Eucheuma cottonii Eucheuma striatum (Sakol) Codium gepii
Pulau-pulau kecil juga memberikan jasa-jasa lingkungan yang tinggi nilai ekonomisnya
yaitu sebagai kawasan berlangsungnya kegiatan kepariwisataan, media komunikasi, kawasan
rekreasi, konservasi dan jenis pemanfaatan lainnya. Jenis-jenis pariwisata yang dapat
dikembangkan di kawasan pulau-pulau kecil adalah :
a.
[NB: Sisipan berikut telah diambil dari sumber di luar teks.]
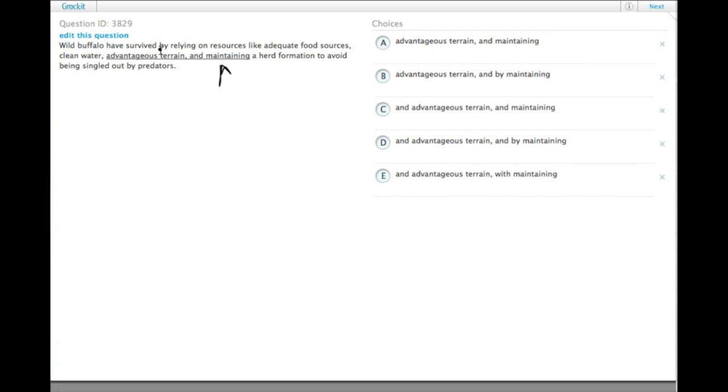And that's where we see that actually—we see a couple that have 'by maintaining' in the answer choices. That suggests that maintaining is actually parallel to 'by relying.'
Wisata Bahari
Kawasan pulau-pulau kecil merupakan aset wisata bahari yang sangat besar yang
didukung oleh potensi geologis dan karaktersistik yang mempunyai hubungan
sangat dekat dengan terumbu karang (Coral Reef), khususnya hard corals.
Disamping itu, kondisi pulau-pulau kecil yang tidak berpenghuni, secara logika akan
memberikan kualitas keindahan dan keaslian dari bio-diversity yang dimilikinya.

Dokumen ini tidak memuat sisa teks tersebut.